The Bills' first six games this season already are sold out. So that will give them sellouts in 33 of their last 39 games through the New England game Nov. 18. Only 12 of 62 games through that New England contest will have been blacked out. That's fantastic for a franchise that hasn't been to the playoffs this decade.
Last season only seven NFL games didn't sell out, and four of them were in Buffalo. So far this season, only five of 116 games have not sold out. Two of them were in Jacksonville.
Of course, what matters more to bottom-line NFL owners than sellouts is revenue generated from home games. The Bills rank in the bottom quarter of the league in that department.
Nevertheless, Bills officials and business leaders who back the team hope that when the team comes up for sale, a prospective bidder will look at the track record of sellouts, sold-out luxury boxes and club seats, a strong season-ticket base and strong support from regional markets in Rochester and Toronto and decide that this is a great place to own a team. Will all that evidence be compelling enough to make that person put forth a bid that's competitive with a bidder from a rich, large North American market? That's the $700 million question hovering over the franchise.
>Q: What is the percentage of onside kicks recovered by the kicking team?
-- Willard Macfarland, Orchard Park
A: This season, the kicking team has recovered 10 of 36 onside kick attempts. That's a success rate of 27.8 percent. Last season the success rate was about 23 percent in situations where the onside kick was expected by the receiving team. I've seen some statistics cited that suggest the success rate is lower than that -- about 15 percent -- on expected onside kicks over the past decade or so.
>Q: How did Buffalo come up with the nickname Bills?
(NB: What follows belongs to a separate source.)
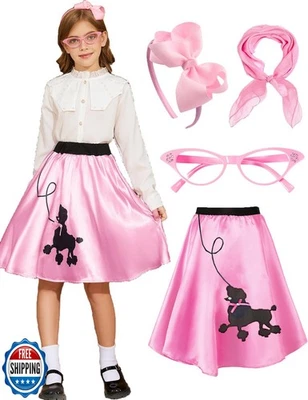ZEXIGLAD Poodle Skirt for Girls 50s Sock Hop Outfit Kids Halloween Costume 20 - Image 1 of 4
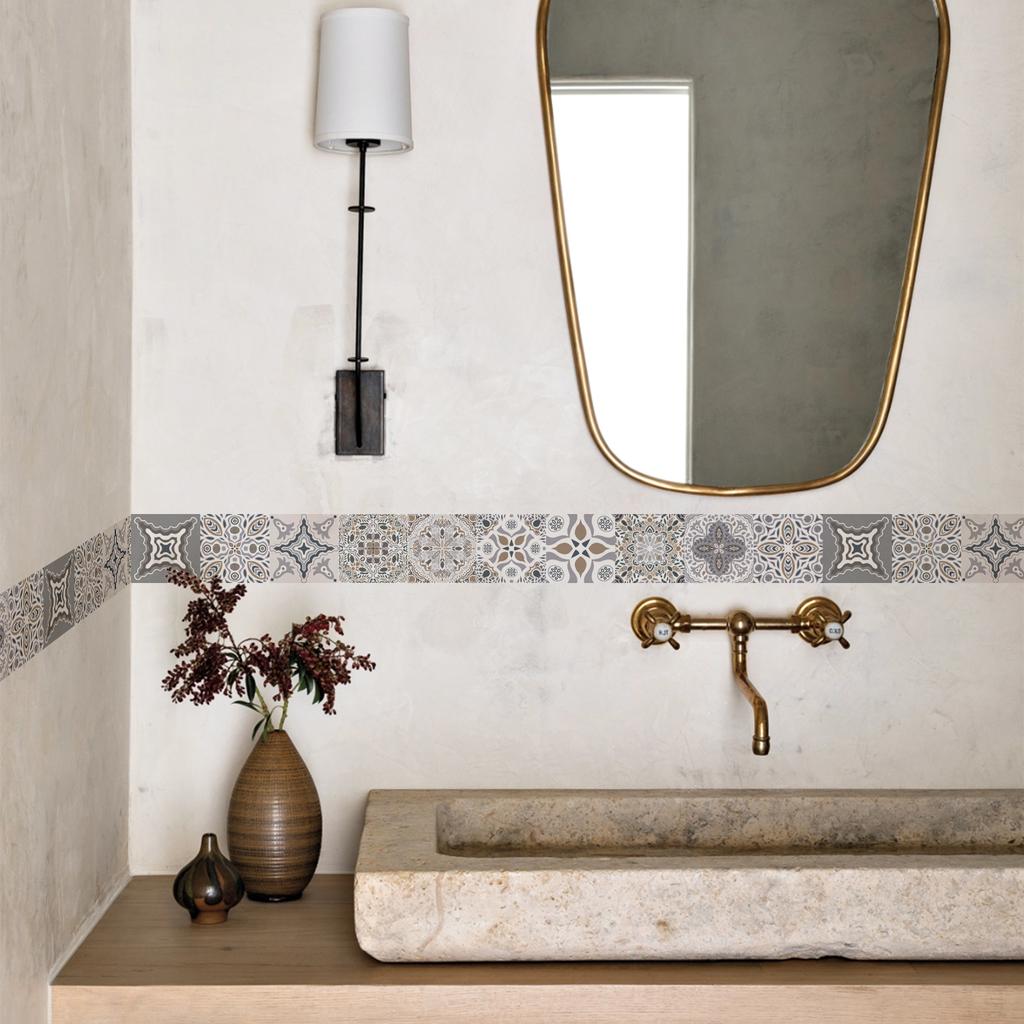 10x200cm Mosaic Tile Wall Sticker Self Adhesive Border Sticker Bathroom Kitchen Waistline Skirting Board Sticker Home Decoration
Is it after Wild Bill Hickcock, as my wife insists?
-- Peter Kosley, Dallas
A: Close. Buffalo Bill Cody. It dates to a fan contest run in 1946 for Buffalo's All-American Football Conference team.
>Q: Which do you think is the most surprising team in the league so far?
-- Alex Sanders, New York
A: I have to go with Green Bay in the NFC and then give Kansas City the nod over Cleveland in the AFC. This week both the Chiefs (versus Green Bay) and Browns (versus Seattle) have big games. The Browns have an easier schedule the rest of the way than the Chiefs. If Cleveland wins today, the Browns could get to 10 wins.
Bills beat reporter Mark Gaughan answers your football questions every Friday. Send your e-mails to mgaughan@-buffnews.com or mail to Question Mark, The Buffalo News Sports Department, One News Plaza, P.O. Box 100, Buffalo, NY 14240.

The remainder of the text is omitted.